A two-story concrete building on the edge of downtown St. Louis, Missouri is bearing its heaviest load 88 years after construction.

Mary Ostafi, an architect who founded the nonprofit Urban Harvest STL in 2011, has led an effort to dump some 40 tons of dirt on the building’s 9,000-square-foot roof and grow organic vegetables in a venture called the Food Roof Farm.

Mrs. Ostafi sees the project fostering a lumbering urban revitalization in St. Louis, which has seen its core downtown population increase 133 percent, to 8,300 residents, over the last 10 years during a conversion of old commercial buildings into loft apartments, according to a Downtown STL report released in May.

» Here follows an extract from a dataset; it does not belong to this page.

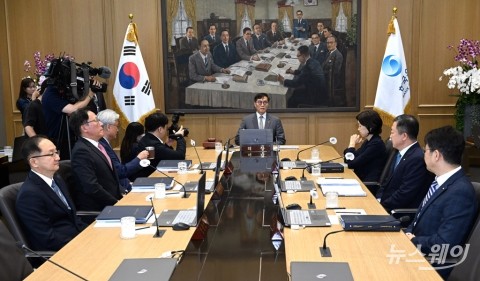 美연준 금리 동결에 인상 압박 덜어낸 한은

Urban Harvest STL’s project cost $356,000, and it received a $135,000 grant from the Metropolitan St. Louis Sewer District to reduce overflows from the combined storm and waste sewerage system. About $155,000 in donated materials and time by lawyers, accountants and other professionals also figured into the total expense, Mrs. Ostafi said.

More important, she said, the Food Roof Farm could help bury the “Delmar Divide,” an invisible barrier along Delmar Boulevard that splits the city socioeconomically and racially.

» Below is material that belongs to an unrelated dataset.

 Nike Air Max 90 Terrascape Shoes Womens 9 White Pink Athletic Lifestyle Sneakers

While Urban Harvest STL’s undertaking represents the first roof farm in downtown St. Louis, over the last few years precursors have sprouted in American cities like New York, Seattle, Chicago and Milwaukee, said Anthony Mayer, chief executive of Hanging Gardens of Milwaukee, a firm focused on green infrastructure design, implementation and products.

For community development and redevelopment, I see food roofs as the fastest-growing green roof sector, at least east of the Rocky Mountains,” said Mr. Mayer, who began working with Urban Harvest STL two years ago. “It’s the rage.

The project includes a greenhouse and beehives, and eventually, it will add a chicken coop. The greenhouse will grow seedlings for the farm and microgreens to sell to nearby restaurants.

Urban Harvest STL expects to derive most of its revenue from nearby residents who will pay an upfront fee to pick up produce throughout the growing season, and it is renting garden beds to as many as 20 residents for a suggested donation. Those programs are also geared toward fulfilling Mrs. Ostafi’s goal of generating community involvement at the garden.